【ニューヨーク=平田雄介】国連は22日、国連パレスチナ難民救済事業機関(UNRWA)の組織的中立性や活動の妥当性に関する評価報告書を公表した。職員が交流サイト(SNS)に政治的見解を表明したり、UNRWAの運営する学校の教科書が政治的に偏った主張を記載していたりしたと指摘し、直ちに改善が必要だと提言した。
イスラエルが1月、UNRWA職員がイスラム原理主義組織ハマスによる昨年10月のテロ攻撃に参加したと国連に通報したことを受け、グテレス国連事務総長が中立性に関する評価をフランスのコロナ前外相に依頼していた。グテレス氏はテロ攻撃への加担については国連内部監査部(OIOS)に調査を指示した。
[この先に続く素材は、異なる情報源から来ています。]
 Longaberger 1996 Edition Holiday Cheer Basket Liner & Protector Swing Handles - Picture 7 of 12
報告書は、UNRWAについて「他の国連機関と比べると中立性を順守する強固な枠組みがある」と評価する一方、改善すべき問題点は「しつこく残っている」と指摘。職員組合が政治化して管理職を脅し、UNRWAの活動を阻害しているなどとして、国連職員として求められる「規律の強化」など50項目に上る改善策の実行を求めた。
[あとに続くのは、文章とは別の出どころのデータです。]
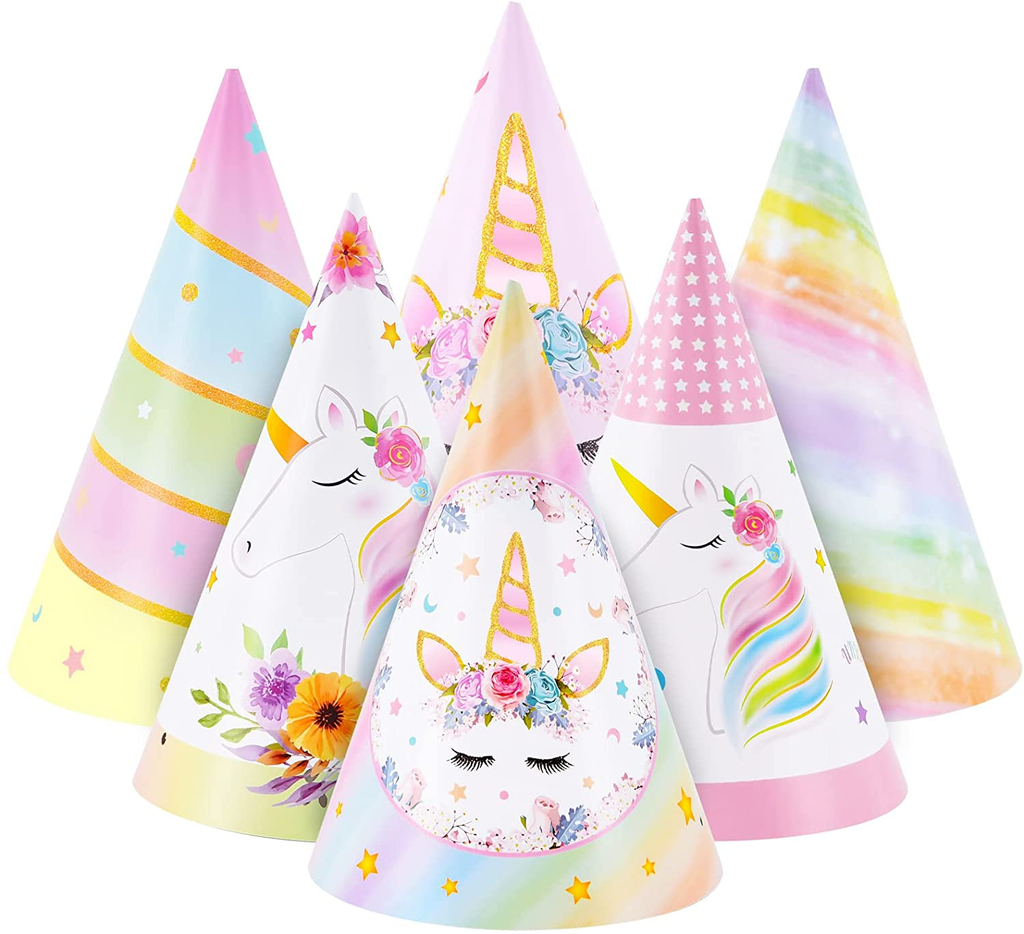 Party Hats - Theme Party Supplies for Kids Boys Girls Birthday Party Cone Hats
他方、イスラエルが3月にUNRWA職員の多くがテロ組織のメンバーだと訴えたことについて、コロナ氏は22日の記者会見で「イスラエルから証拠の提供はいまだにない」と述べた。
グテレス氏は改善策を実行することでUNRWAに資金を拠出する加盟国の理解を得て、パレスチナ難民の救済事業を続ける考え。イスラエルの通報後、日本を含む16カ国が計4億5千万ドル(約700億円)の資金拠出を一時停止した。